Wednesday, February 29, 2012

A POET AND A PROPHET

Continuing our Russian Nietzsche-admiration series from the last entry, we are looking at another example of his identification as a prophet and a poet. In order to understand what we are talking about, one must be familiar with Pushkin’s powerful poem The Prophet, where the poet, akin to the great Prophets of the Bible, is called up for the prophetic duty by an angel of God. The fact that Nietzsche is a consummate philosophical poet must be apparent to everyone who is reading his works. The fact that he is a mighty prophet, as well as a poet, is revealed by Nietzsche himself, in the person of Zarathustra. The Russian critical tradition has always identified Nietzsche with Zarathustra, the poet and the prophet. Not surprisingly, Nikolai Gumilev puts Nietzsche in one rank with Confucius, Muhammad, and Socrates, who are, to him, all poets and prophets.

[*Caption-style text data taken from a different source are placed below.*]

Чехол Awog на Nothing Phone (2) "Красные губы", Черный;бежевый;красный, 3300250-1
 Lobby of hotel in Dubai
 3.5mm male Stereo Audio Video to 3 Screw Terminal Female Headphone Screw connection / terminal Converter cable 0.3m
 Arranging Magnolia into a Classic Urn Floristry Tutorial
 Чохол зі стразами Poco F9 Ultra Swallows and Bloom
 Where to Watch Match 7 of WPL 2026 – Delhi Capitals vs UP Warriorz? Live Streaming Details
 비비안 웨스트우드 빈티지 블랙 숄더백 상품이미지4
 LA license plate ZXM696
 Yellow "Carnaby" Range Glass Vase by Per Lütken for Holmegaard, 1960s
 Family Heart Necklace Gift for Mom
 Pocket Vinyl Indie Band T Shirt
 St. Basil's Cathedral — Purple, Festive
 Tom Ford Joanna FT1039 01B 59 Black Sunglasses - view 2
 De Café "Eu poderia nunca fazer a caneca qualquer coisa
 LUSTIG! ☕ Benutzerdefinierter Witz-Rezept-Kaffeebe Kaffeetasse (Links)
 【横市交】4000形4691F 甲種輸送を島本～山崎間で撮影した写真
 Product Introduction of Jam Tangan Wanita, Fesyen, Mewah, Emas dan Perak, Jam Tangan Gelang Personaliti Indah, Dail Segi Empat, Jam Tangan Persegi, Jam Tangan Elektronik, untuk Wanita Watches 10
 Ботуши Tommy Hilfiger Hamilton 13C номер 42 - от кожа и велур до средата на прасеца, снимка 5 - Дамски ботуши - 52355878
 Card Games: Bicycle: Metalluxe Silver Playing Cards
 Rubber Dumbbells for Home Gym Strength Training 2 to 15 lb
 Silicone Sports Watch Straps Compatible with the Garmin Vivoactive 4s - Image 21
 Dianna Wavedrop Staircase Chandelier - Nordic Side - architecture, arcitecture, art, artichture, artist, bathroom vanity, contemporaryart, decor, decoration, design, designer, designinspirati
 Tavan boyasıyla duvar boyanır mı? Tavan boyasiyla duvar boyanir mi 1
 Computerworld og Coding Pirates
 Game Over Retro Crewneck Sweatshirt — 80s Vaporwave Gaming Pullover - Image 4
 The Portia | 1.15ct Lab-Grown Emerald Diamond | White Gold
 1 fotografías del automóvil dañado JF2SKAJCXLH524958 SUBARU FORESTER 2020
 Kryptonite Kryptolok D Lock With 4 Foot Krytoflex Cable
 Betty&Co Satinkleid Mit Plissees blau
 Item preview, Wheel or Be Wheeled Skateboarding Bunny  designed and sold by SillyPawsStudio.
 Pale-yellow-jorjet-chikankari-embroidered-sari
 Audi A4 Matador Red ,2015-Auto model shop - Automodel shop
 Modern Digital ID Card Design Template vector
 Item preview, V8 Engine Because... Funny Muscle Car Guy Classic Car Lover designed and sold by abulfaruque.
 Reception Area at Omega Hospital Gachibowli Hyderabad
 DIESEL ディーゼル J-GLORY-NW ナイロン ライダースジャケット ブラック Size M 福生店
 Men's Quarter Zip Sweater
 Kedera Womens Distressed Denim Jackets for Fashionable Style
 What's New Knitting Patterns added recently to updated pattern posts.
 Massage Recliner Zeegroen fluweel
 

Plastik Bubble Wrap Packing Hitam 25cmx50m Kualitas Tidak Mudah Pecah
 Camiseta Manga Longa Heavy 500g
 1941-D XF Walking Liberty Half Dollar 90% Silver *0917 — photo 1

The great Russian poet Vladimir Mayakovsky gives himself the highest praise in the following lines of his long poem A Cloud in Pants:
Listen!
He is prophesying, ranting and raving,
Today’s shouting-lipped Zarathustra!”
He is comparing himself to Nietzsche here, through Nietzsche’s Zarathustra, and not to the Persian prophet Zoroaster. All Russian literary critics writing about Mayakovsky emphasize Mayakovsky’s feeling of a very special affinity with Nietzsche, whom he considers as his precursor, a fellow revolutionary of the spirit.
I must again emphasize that Gumilev and Mayakovsky (to name the giants only) are not some isolated cases of Russian Nietzsche-philia. They are just two big examples of an incurable Nietzsche-philia as a congenital obsessive “disease” infecting the Russian Intelligentsia since well over a century ago.